— SUPPLIED DATA —
- - - - -

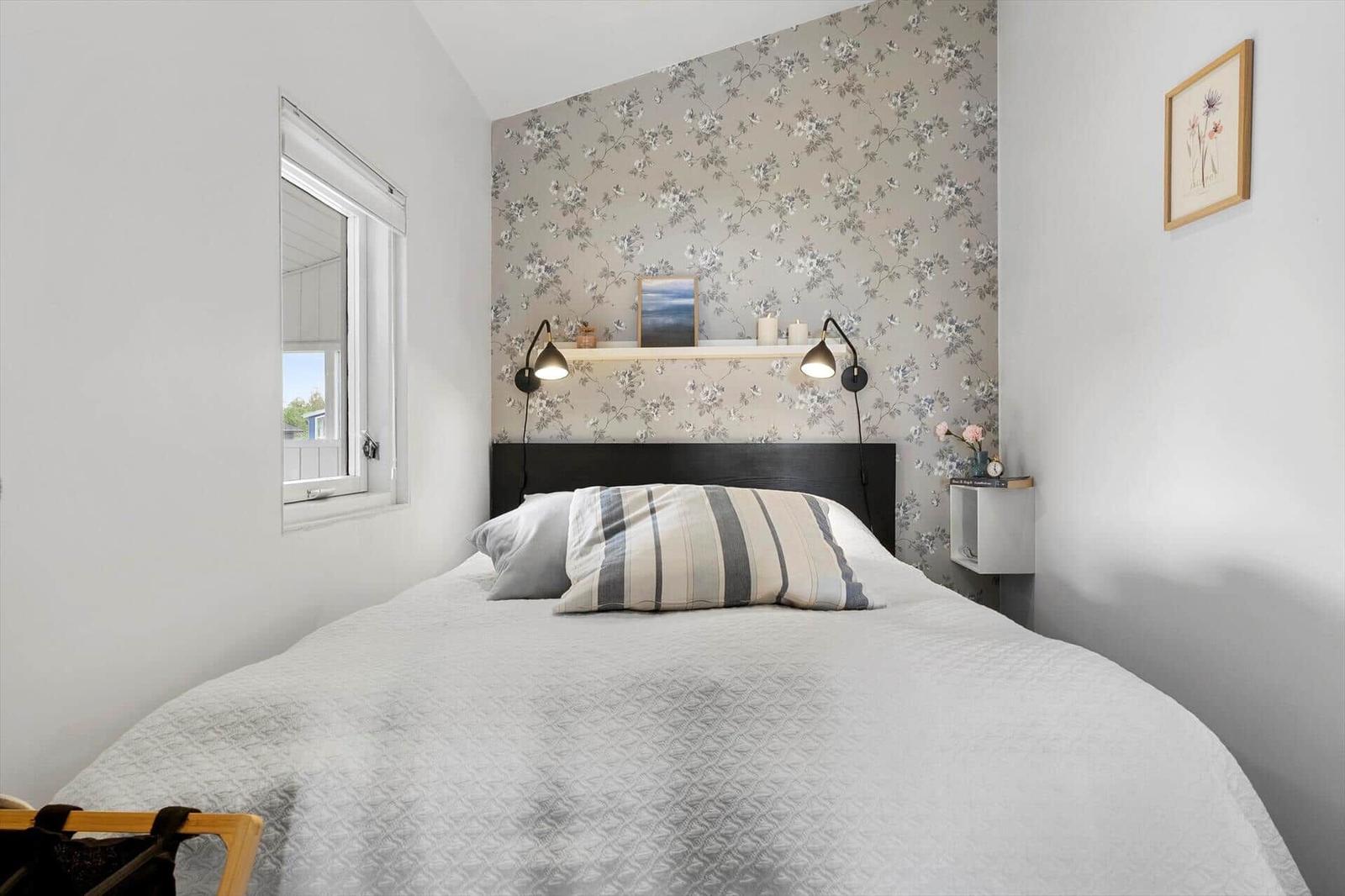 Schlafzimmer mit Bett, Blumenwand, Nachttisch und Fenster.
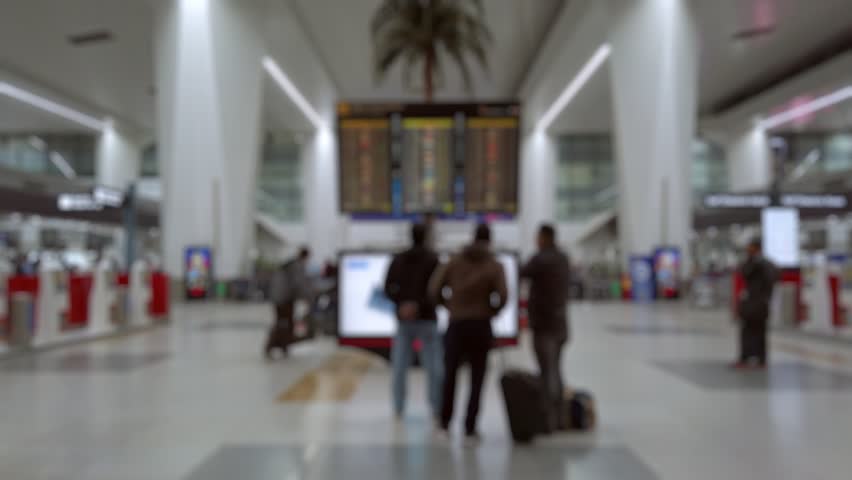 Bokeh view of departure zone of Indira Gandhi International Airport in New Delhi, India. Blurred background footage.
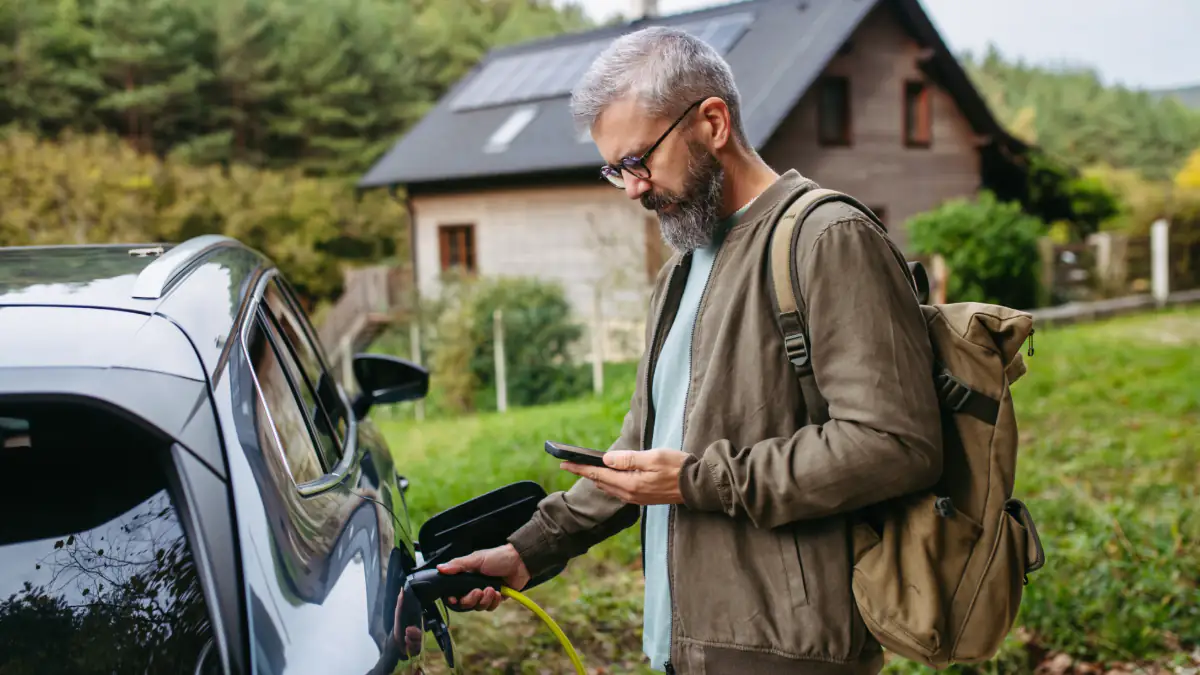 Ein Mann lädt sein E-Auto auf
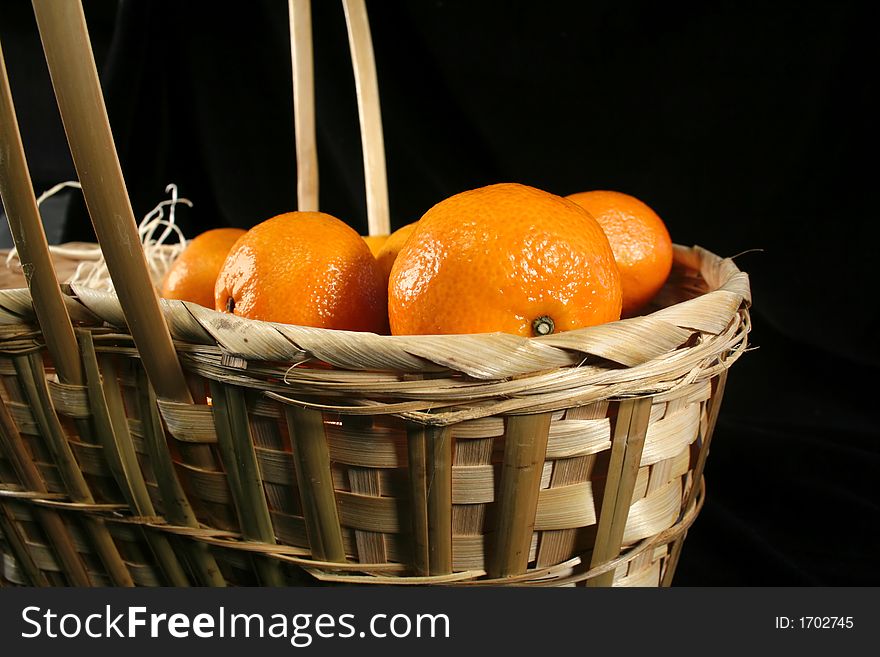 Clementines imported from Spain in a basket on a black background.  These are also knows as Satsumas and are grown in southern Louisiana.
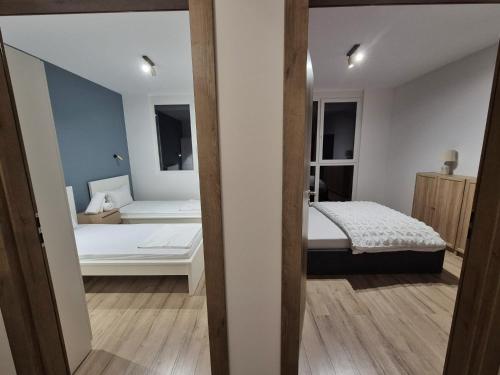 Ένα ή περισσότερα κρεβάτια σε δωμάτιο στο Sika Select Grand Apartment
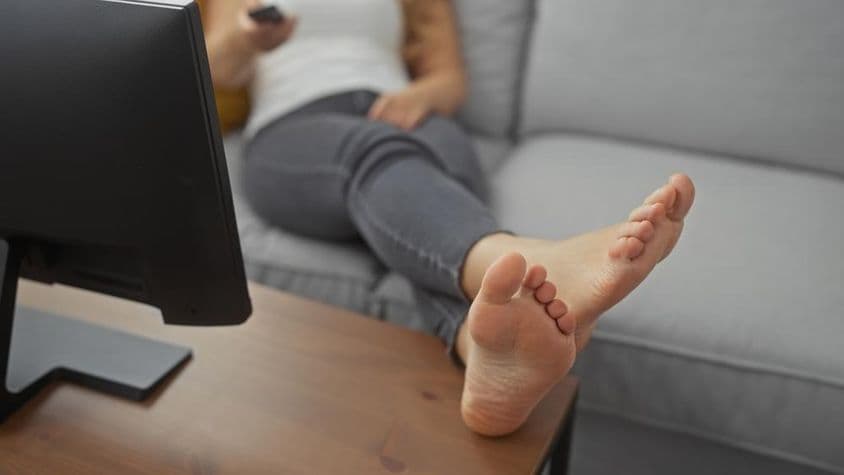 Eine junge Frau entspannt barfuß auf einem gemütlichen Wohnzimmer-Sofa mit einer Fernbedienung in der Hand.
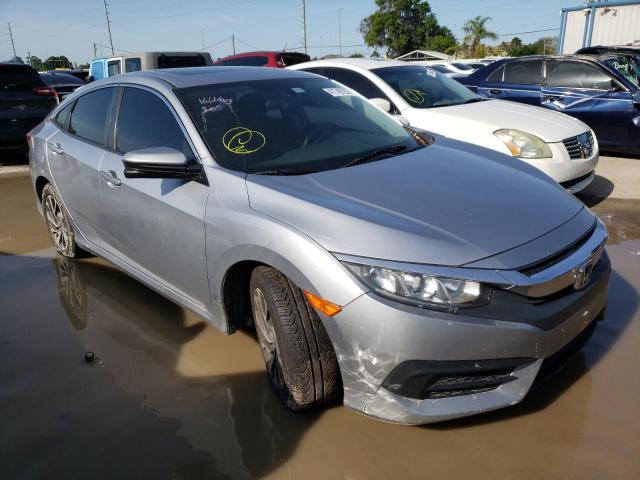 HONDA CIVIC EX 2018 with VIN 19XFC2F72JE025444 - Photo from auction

- - - - -

— ABOUT THIS EXERCISE —
Once the pictures have been removed, reproduce each line of the material above exactly.

— EXERCISE SOLUTION —
 Schlafzimmer mit Bett, Blumenwand, Nachttisch und Fenster.
 Bokeh view of departure zone of Indira Gandhi International Airport in New Delhi, India. Blurred background footage.
 Ein Mann lädt sein E-Auto auf
 Clementines imported from Spain in a basket on a black background.  These are also knows as Satsumas and are grown in southern Louisiana.
 Ένα ή περισσότερα κρεβάτια σε δωμάτιο στο Sika Select Grand Apartment
 Eine junge Frau entspannt barfuß auf einem gemütlichen Wohnzimmer-Sofa mit einer Fernbedienung in der Hand.
 HONDA CIVIC EX 2018 with VIN 19XFC2F72JE025444 - Photo from auction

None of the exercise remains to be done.